"The Runaway Seed"

Primordial black hole clusters evolve through successive mergers described by Smoluchowski coagulation — the same mathematical framework used for dust grains clumping in protoplanetary disks and droplets coalescing in clouds. Trashorras et al. (arXiv 2604.01684) show that under gravitationally focused conditions, these clusters undergo runaway growth: a single object captures most of the mass through a cascade of mergers. The timescale to runaway depends almost entirely on the initial mass distribution and the initial concentration of the cluster. Widely separated initial conditions lead to runaway on timescales differing by orders of magnitude. The final object may look similar — a massive black hole at the cluster center — but the path to it was set at formation.

Redirection networks (arXiv 2604.01540) grow by a different rule but show the same sensitivity.
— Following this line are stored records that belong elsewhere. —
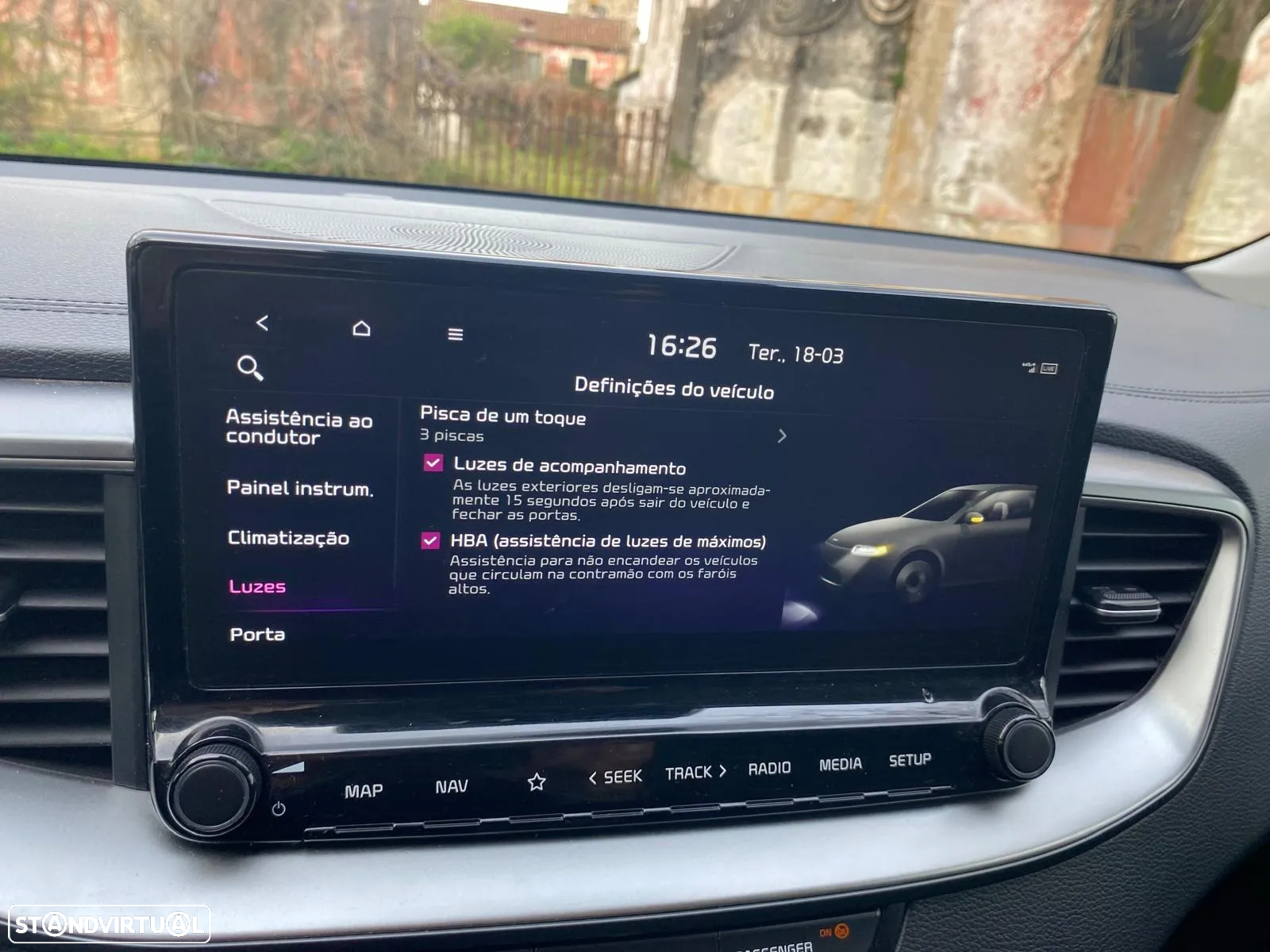 Kia XCeed 1.0 T-GDI Dynamic - 25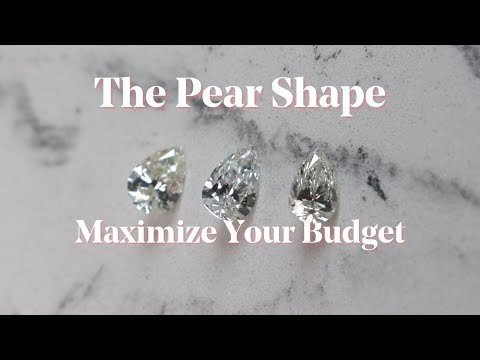 Pear Shapes: What You NEED To Know BEFORE Buying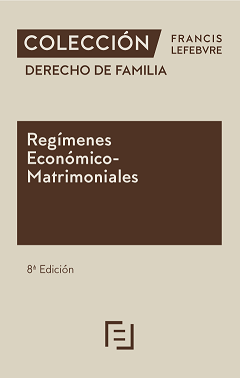 Regímenes Económico-Matrimoniales 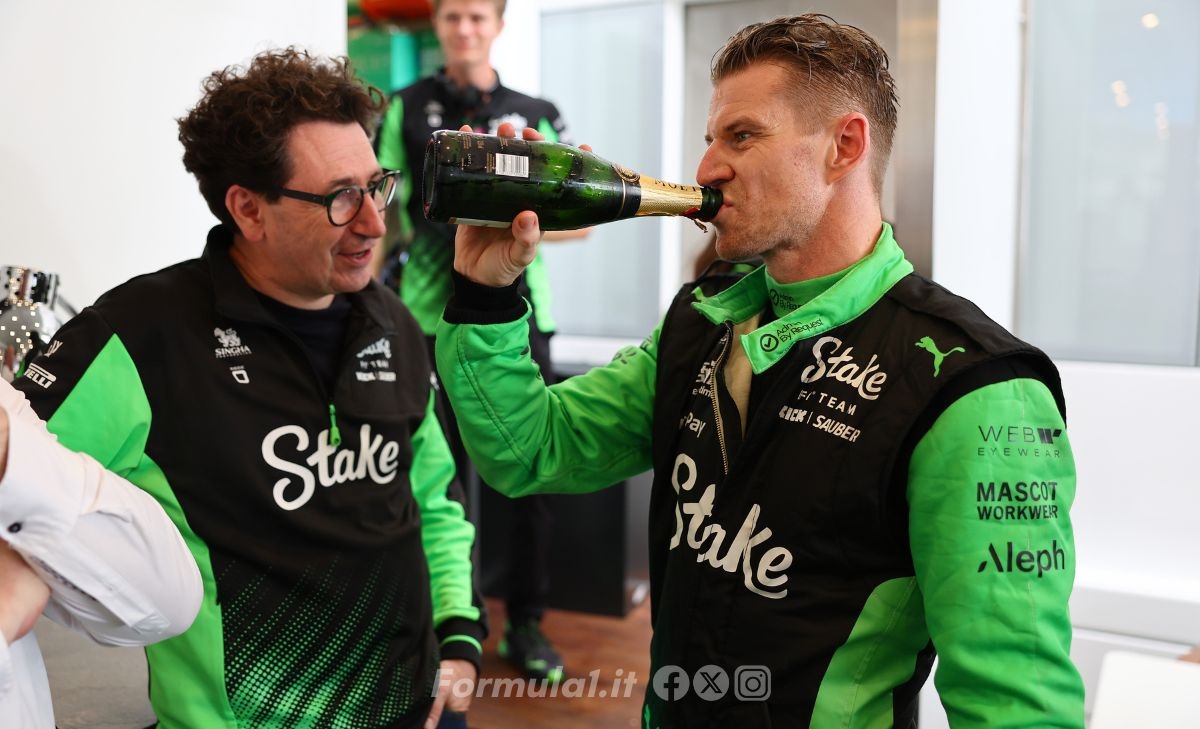 La Sauber si attendeva un anno di transizione, ma è già tempo di rivincite. Anche per Binotto La Sauber si attendeva un anno di transizione, ma è già tempo di rivincite. Anche per Binotto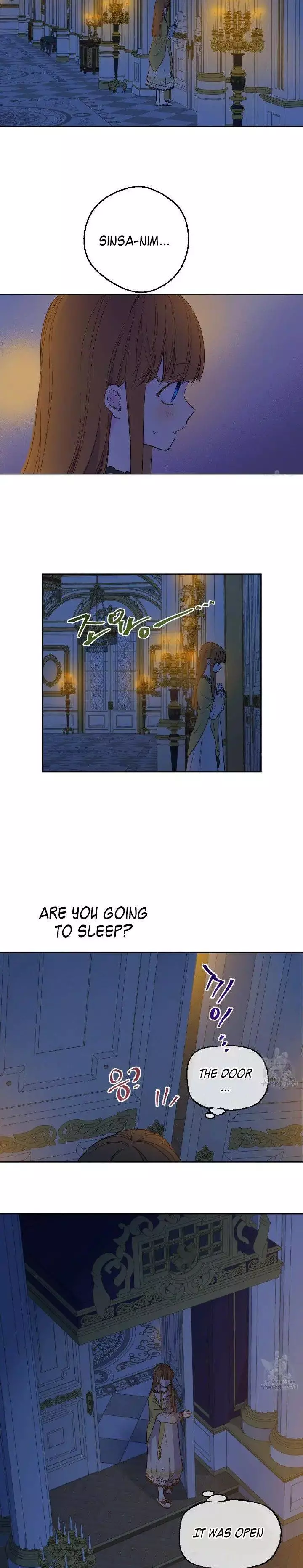 Manga page 8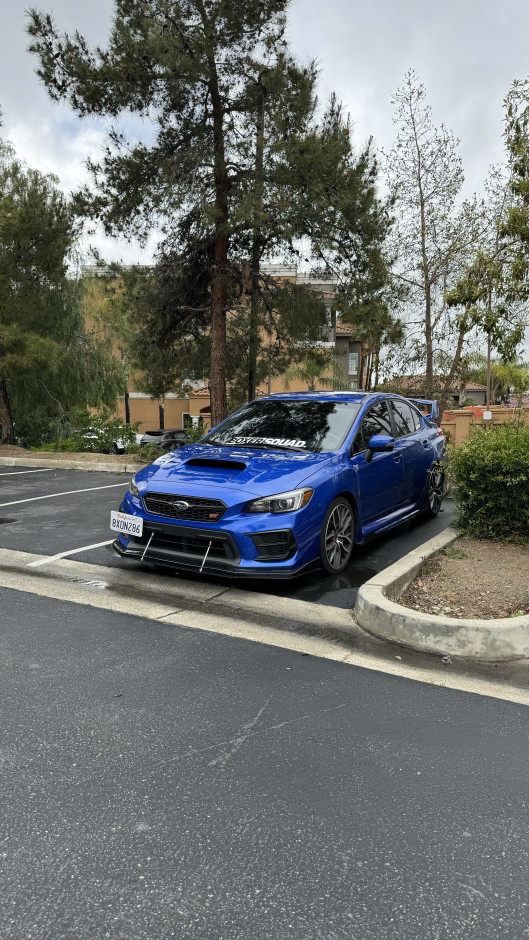 Guadalupe Ramirez's 2021 Impreza WRX STI Base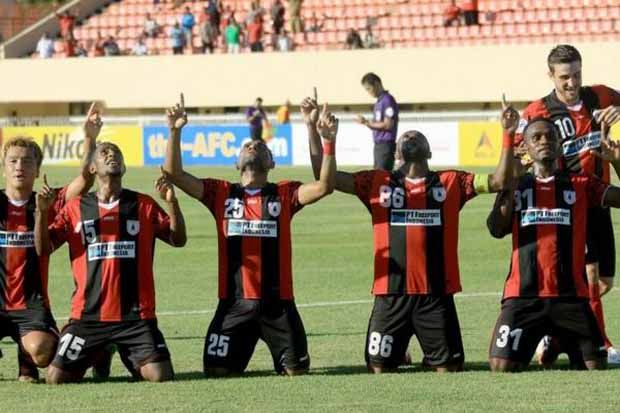 Persipura Butuh Dukungan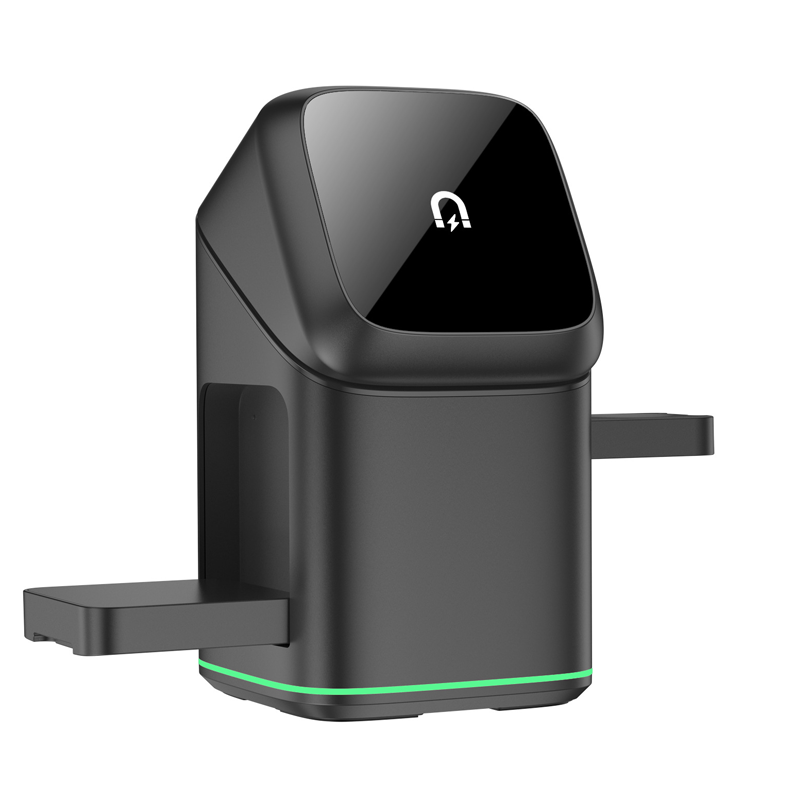 🏆LAST DAY 49% OFF📱3-in-1 Wireless Magnetism Fast Charging Stand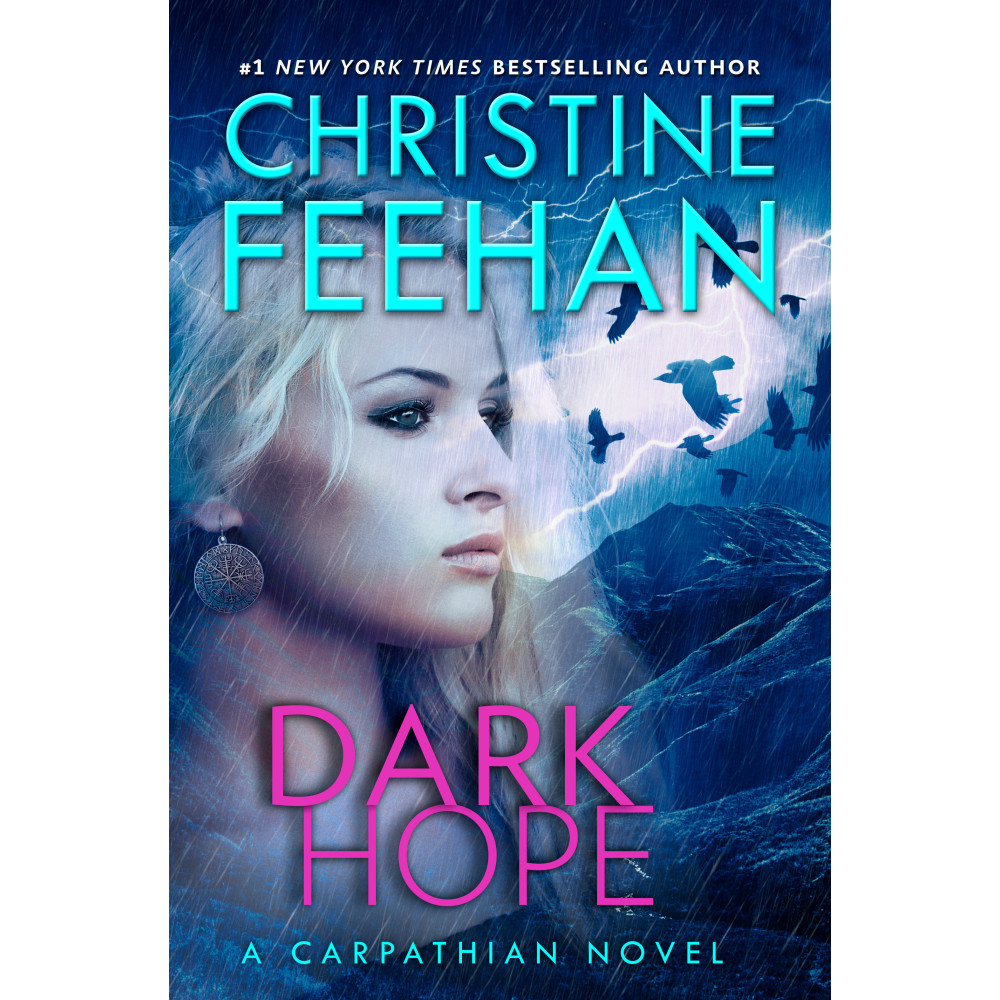 Produktbild för Dark Hope (inbunden, eng)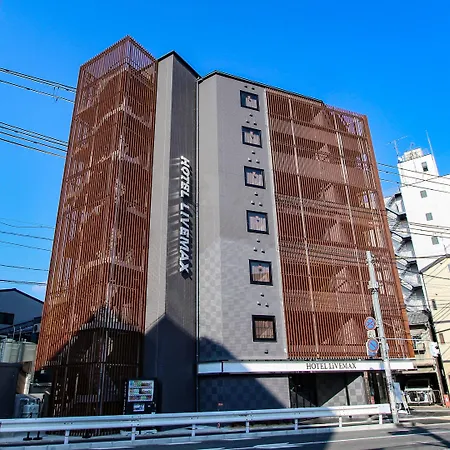 Hotel Livemax Kyoto Nijojo-Kita-2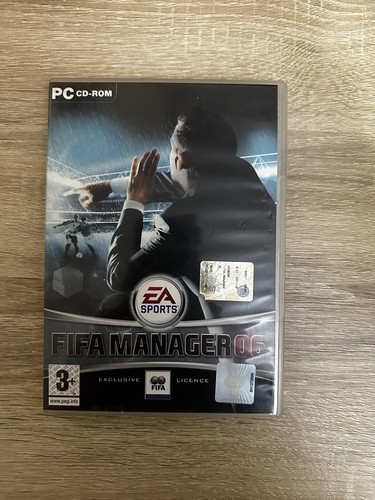 Fifa manager 06 - :,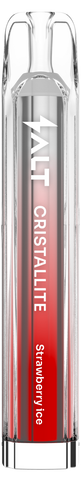 SALT Cristallite Einweg E-Zigarette Strawberry Ice 20mg/ml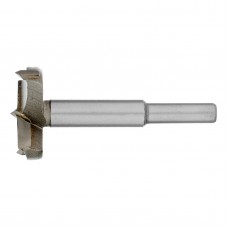 Сверло Форстнера по дереву 38х80мм с цилиндрическим хвостовиком СИБРТЕХ 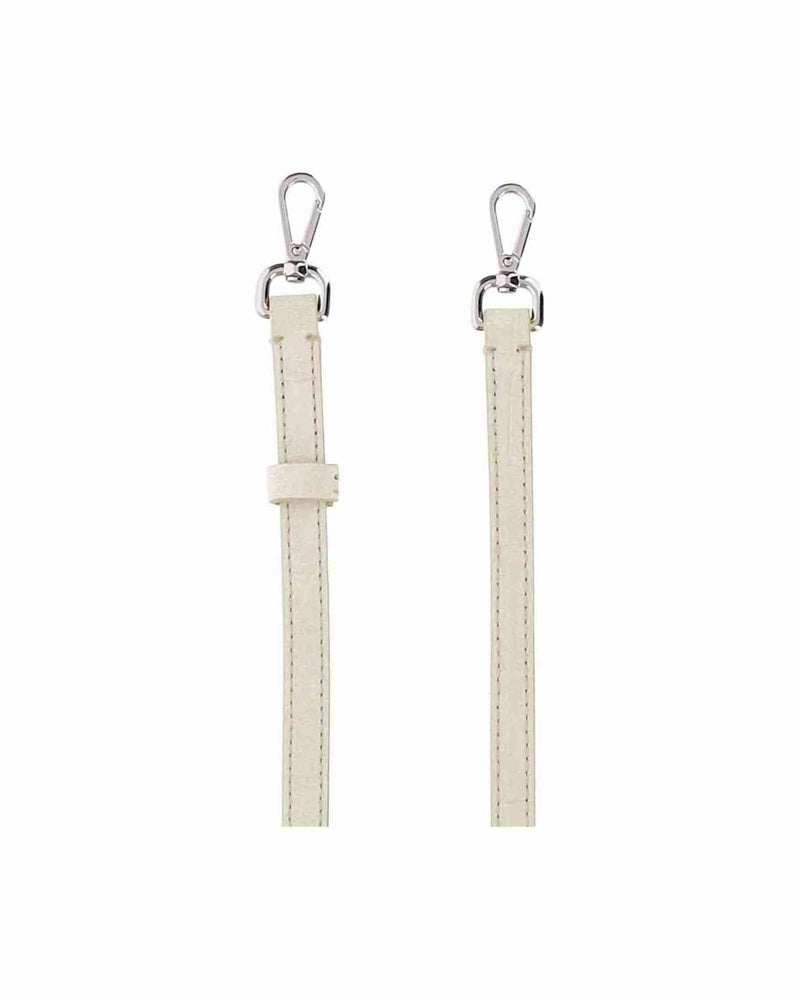 Jacquemus The Small Turismo Crocodile Effect Knotted Shoulder Bag Glam Steals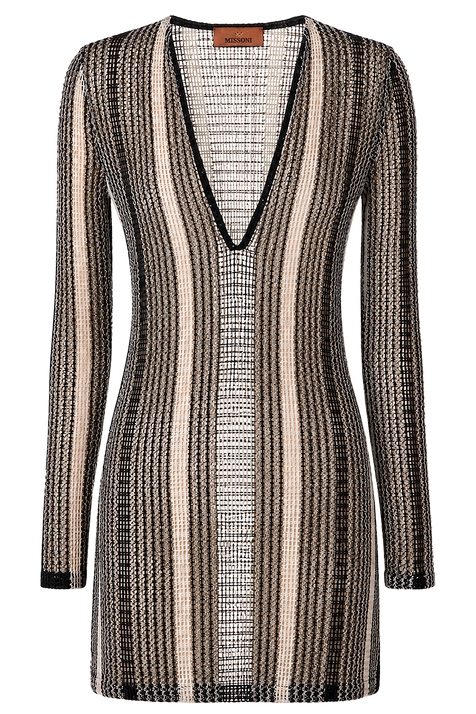 שמלת מיני MISSONI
Instead of connecting to a randomly chosen target node, each new node connects to a neighbor of the target. This single indirection — attachment mediated through an existing connection — changes the network’s global structure. The number of nonleaf nodes scales sublinearly with network size. Most nodes remain leaves. A few early nodes accumulate connections not because they are intrinsically special but because they were present when the first redirections occurred. Their early position in the attachment sequence gave them a structural advantage that compounded.

In the black hole cluster, the first object to capture a neighbor gains a cross-section advantage — larger mass means larger gravitational focus, which means faster subsequent captures. In the redirection network, the first node to receive a redirected edge gains a degree advantage — more connections means higher probability of being a neighbor of future targets. Both are positive feedback loops seeded by initial conditions.

In both systems, the first attachment determines the trajectory, not the final size.